Outro mérito de “Pobres criaturas” está no roteiro de Tony McNamara (de “A favorita”). O texto conta com bons diálogos, falas desconcertantes e personagens bem construídos. O script desenvolve bem a história: apesar de ter uma pequena queda perto do fim, volta a ganhar fôlego depois.
Mulher super poderosa
Mas “Pobres Criaturas” não seria um projeto tão bem-sucedido se não fosse a fenomenal interpretação de Stone como Bella. A atriz se arrisca em um papel ousado e se despe de todos os pudores para realizar cenas intensas e audaciosas. Ela já ganhou um Oscar (por “La La Land”, em 2017) e poderia fazer apenas papéis bem-comportados e convencionais durante o resto da carreira.
Emma, que já tinha mostrado que não queria só fazer mocinhas bondosas em filmes como “A Favorita” e “Birdman” (2015), quer explorar em “Pobres Criaturas” outros campos de atuação. Ela constrói muito bem a evolução de sua personagem, apresentada como uma criança grande, porque sua mentalidade está em desenvolvimento.
Poucas atrizes conseguiriam fazer esse trabalho tão bem. Não é por acaso que ela tem grandes chances de levar seu segundo Oscar para casa.
O restante do elenco também está muito bem. A começar por Dafoe. Debaixo de uma maquiagem exótica, o ator convence ao tornar Godwin um homem estranho e ambíguo.
Já Ruffalo, embora competente, não chega a ser tão brilhante em sua atuação quanto a vista em outros filmes. O ator, indicado ao Oscar, começa bem nas cenas mais complexas com Stone. Mas, depois da metade do longa, acaba entregando uma performance abaixo do esperado. Não atrapalha, mas não se destaca.
O pouco conhecido Ramy Youssef, que interpreta Max, o assistente de Godwin que se encanta por Bella, funciona bem, mas não tem muito espaço para se destacar mais.

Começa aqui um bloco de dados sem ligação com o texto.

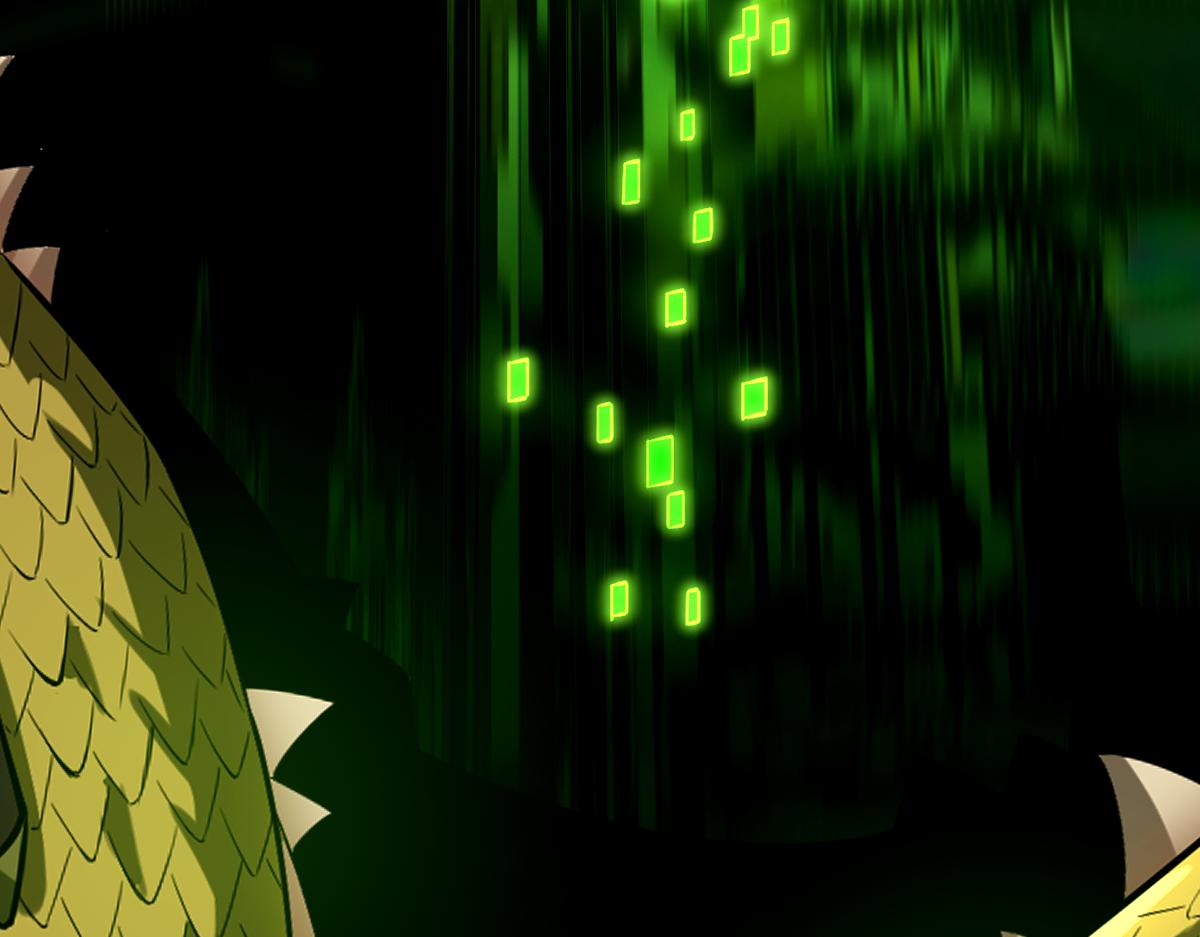 31 救赎的晚餐(1/4)-第33话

“Pobres criaturas” comprova que Lanthimos é mesmo um dos diretores mais interessantes a surgir nos últimos anos e que encontrou em Stone sua musa.
Os dois, aliás, já fizeram um terceiro filme, “Kinds of Kindness”, ainda sem título em português e sem previsão de lançamento no Brasil. Certamente, será mais uma obra que vai dar o que falar.